Here are three thoughts to take away from today's episode:
1. Rest is important. Everything feels harder when you add grief to the mix, so prioritize sleep and restful activities. Then you'll be able to give your energy in the places and times that really matter.
2. In the good times, intentionally craft your life so that your home and routines actively support the life you love living. When grief hits, these will support you and keep you going in ways you could never predict.
3. When you set the right goals, you will unconsciously keep working toward them, even when you are consciously letting go of your achievement mentality.

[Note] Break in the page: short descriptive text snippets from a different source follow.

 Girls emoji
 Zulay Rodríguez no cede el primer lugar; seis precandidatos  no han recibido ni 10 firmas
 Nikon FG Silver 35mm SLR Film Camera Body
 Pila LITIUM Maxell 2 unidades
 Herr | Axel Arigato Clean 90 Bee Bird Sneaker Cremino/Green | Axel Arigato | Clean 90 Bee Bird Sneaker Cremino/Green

For coaching inquiries: briellegoheen.com/coaching
To follow me on Instagram:  instagram.com/brielle.goheen

Welcome to the podcast! My name is Brielle Goheen, and I help creative professionals get more done without losing their creative edge. I believe that creativity will change the world - and, in fact, it’s the only thing that can change the world. So no matter what field your creativity shows up in, no matter what its exact expression is, cultivating a life that supports that is one of the most important things you can do for yourself, for your community, and beyond because who knows how far the ripple effects will spread. I want to help you unleash your creativity with power so that you can see the change you seek to make in the world. I want to help you start planting seeds that will grow into that beautiful forest you see in your mind’s eye. It’s wild and wonderful work. So let’s get to it!

It has been a minute since I’ve talked with you all. I’ve been in a season of grief. And it has been quite complex grief. That season is beginning to ease - I can see flickers of light and joy beginning to peek through in so many places - and so I wanted to share a little bit about what I’ve learned in the process in case it helps one of you someday when you are going through a time of acute grief.

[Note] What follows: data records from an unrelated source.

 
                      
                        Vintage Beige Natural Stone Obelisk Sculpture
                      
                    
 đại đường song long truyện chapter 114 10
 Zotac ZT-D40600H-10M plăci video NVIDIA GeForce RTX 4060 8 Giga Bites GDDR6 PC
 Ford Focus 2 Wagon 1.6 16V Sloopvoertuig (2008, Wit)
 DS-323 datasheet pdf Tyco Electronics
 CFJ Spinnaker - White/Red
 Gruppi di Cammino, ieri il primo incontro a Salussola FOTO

The first thing I learned was just how important it is to rest. Grieving takes up so much mental RAM. Just getting through the day and doing the most basic tasks feels so much harder. It’s like you’re moving through sludge instead of air and every single thing takes more effort. So it is really important to just slow down. To just allow yourself the time and space to sleep. To do things that feel effortless. For me, it meant spending more time with my two girls. They have a lightness about them that is contagious. Their laughs come easily and often that would help me to find laughter as well. They have the best stories and everything is such a big deal. They are discovering in real time the incredible miracle that it is to be alive and they’re becoming conscious of just how many little miracles there are in a day. It is such a beautiful energy to be with, and I have been so thankful for the way time with them helps me reframe my experiences. 

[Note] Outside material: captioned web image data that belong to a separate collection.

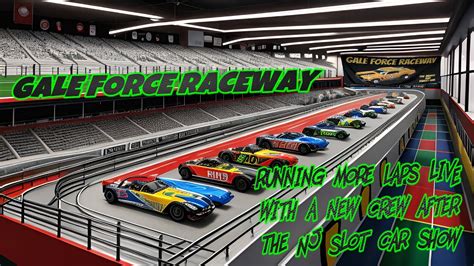 GFR Live Again After PARSIPPANY Slot Car Show YouTube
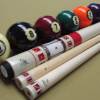 Reverse BMC Casino 1 Bizzaro Hearts Pool Cue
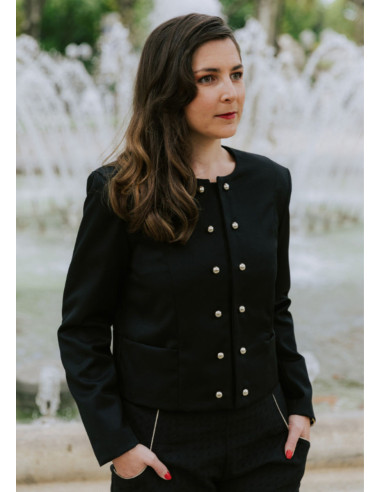 Metropolis Jacket Pattern - Maison Fauve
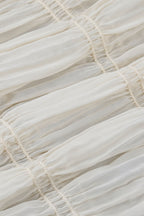 Deep V Ribbed Knit Cami Elegant Maxi Dress
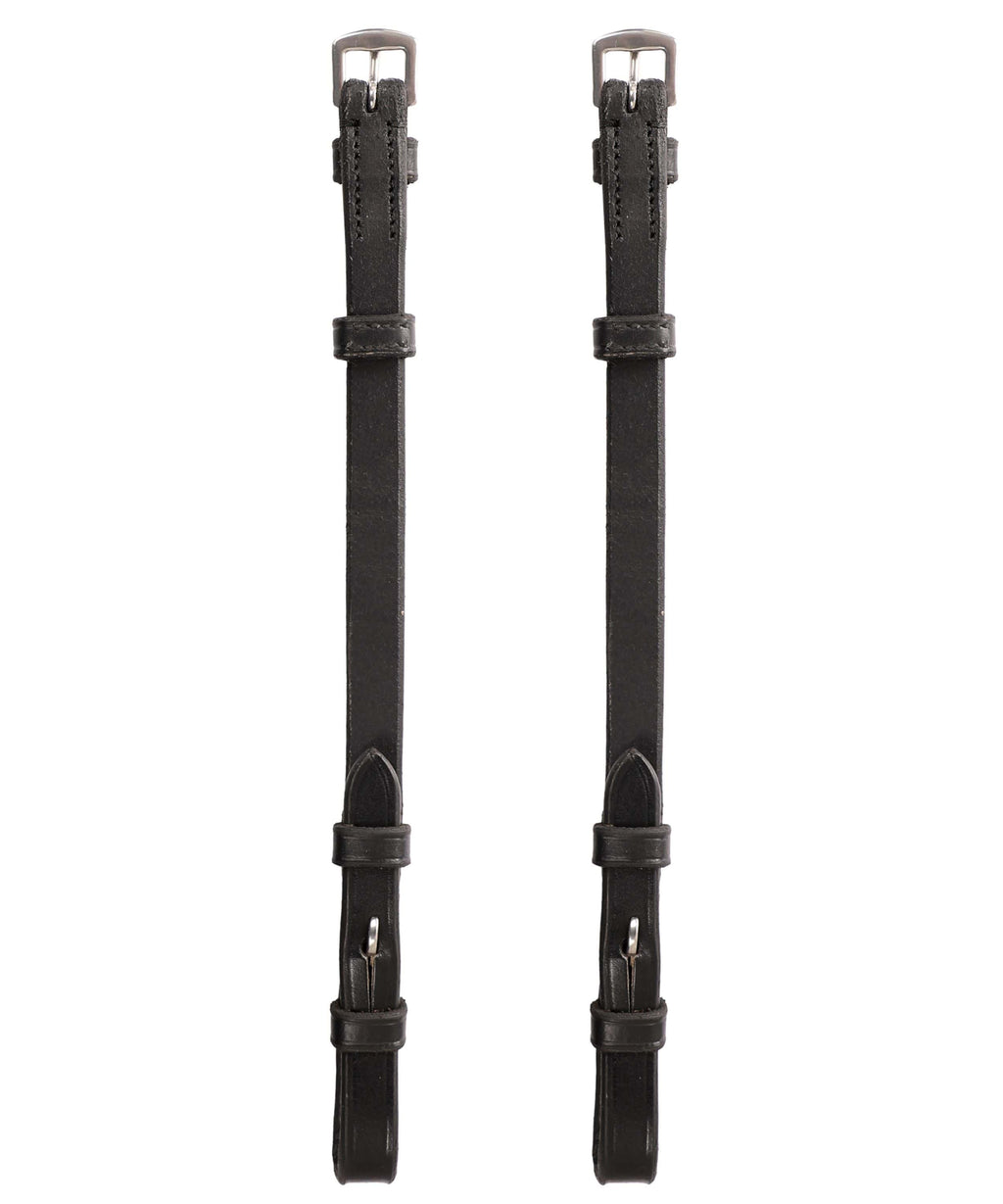 ExionPro Bridle Cheek Pieces With Hook Fastening - Matching Stitching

It also meant making time every single day to practice the piano. Piano is my secondary instrument. For those of you who don’t know, I’m a violinist. So you might think that I would pick up my violin to find rest and joy. But it’s actually the piano that I gravitate to whenever I’m feeling big feelings. Sometimes I like to rest by working hard at things that don’t matter to anyone but me. Organizing drawers that no-one sees. Reading and creating outlines of what I’m learning so I can absorb it better. And practicing the piano. I never perform or play for anyone. That instrument is just for me. It’s my heart instrument and I can lose myself for hours in the work of learning to allow it to sing. And so in this season, I prioritized sitting at the piano every single day. Sometimes for the rest of working at difficult passages, sometimes for the rest of just improvising and seeing what flowed out from my fingers, and sometimes even to express and get things out of me that are beyond words.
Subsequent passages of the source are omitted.